Workup of childhood acute lymphoblastic leukemia includes common and highly specialized tests. A complete blood cell count with differential and peripheral smear is useful because it can establish the peripheral presence of blasts. Extreme leukocytosis is seen in many cases, but this finding can be absent in aleukemic forms. Anemia and thrombocytopenia are frequently encountered and are caused by medullar failure. 20% of patients do not have peripheral blasts at the initial evaluation, instead they present with pancytopenia [3].

Uric acid, lactate dehydrogenase, potassium, calcium and phosphorus levels should be determined at the time of the first evaluation and during treatment, as they establish the presence of the tumor lysis syndrome. Increased D-dimer levels suggest disseminated intravascular coagulation. Cerebrospinal fluid analysis is necessary in order to determine whether the central nervous system is involved. A chest radiography is needed in order to assess the presence of mediastinal masses. Abdominal and testicular ultrasonography may be ordered if clinical examination suggests renal or testis involvement. An echocardiogram and an electrocardiogram are needed prior to anthracyclines administration and serial cardiology reevaluation should be performed during therapy.
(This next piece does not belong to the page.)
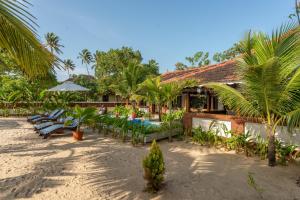 un complejo con sillas y mesas en la playa en Palm Villa A private beach sanctuary, en Mararikulam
The blasts lineage can be confirmed by performing flow cytometry. Much more detailed information is obtained from bone marrow aspirate analysis by immunohistochemistry and immunofenotyping. Blasts can express B-lineage–associated antigens like CD 79, CD 24, CD 22, CD 21, Cd 19 or CD14 or T-lineage–associated antigens, such as CD117, CD34, CD 33 or CD13.Cytogenetic and molecular studies can highlight the presence of chromosomal abnormalities in some cases: hypodiploidy, Philadelphia chromosome positivity or other translocations [4]. Histological evaluation further divides patients into three categories: L1, L2 and L3, depending on blast morphology.

Mediastinal Mass
  • The white blood cell count reflects tumor burden and high numbers are associated with a greater risk of relapse, as are the presence of a mediastinal mass and severe hepatosplenomegaly.[symptoma.com]

Treatment

Childhood acute mature B-cell lymphoblastic leukemia therapy recognizes three phases: remission induction phase, intensification or consolidation phase and continuation therapy. The other types of the disease undergo other phases: components: induction, consolidation, interim maintenance, delayed intensification, and maintenance. The physician should keep in mind that the eye, testicle and central nervous system represent blast sanctuaries, where they can live on despite appropriate therapy in some cases and represent the relapse substrate. Therefore, special attention should be paid to these territories. After the induction phase is completed, remission should be achieved. This implies the fact that the bone marrow should contain less than 5% blasts. This is usually achieved by using vincristine, asparaginase, anthracyclines and glucocorticoids. Consolidation therapy is performed by administering 6-mercaptopurine, cyclophosphamide and cytarabine. Methotrexate and vincristine are given during interim maintenance for a period of 4 to 8 weeks. Delayed intensification is essential in high risk and very high risk patients, but is beneficial in all cases. Continuation therapy involves methotrexate, steroid pulses and vincristine administration. Mature B-cell childhood acute lymphoblastic leukemia treatment lasts for 6 to 8 months, whereas immature B-lineage and T-lineage disease necessitates 2-2.5 years of continuation therapy. Hematopoietic stem cell transplant is a needed in certain cases.

Prognosis

Prognosis of acute lymphoblastic leukemia patients depends on several parameters, such as age at the time of diagnosis, type of leukemic cells and their gene characteristic and white blood cell count. T cell leukemia has a poorer prognosis [5]. Risk stratification (low, standard, high or very high) is very important and the physician should begin thinking about it as soon as possible, even before treatment begins, because it dictates the appropriate therapeutic regime [6]. The risk of the patient becomes more clear after treatment has begun, because response to the induction chemotherapy and minimal residual disease burden are additional parameters.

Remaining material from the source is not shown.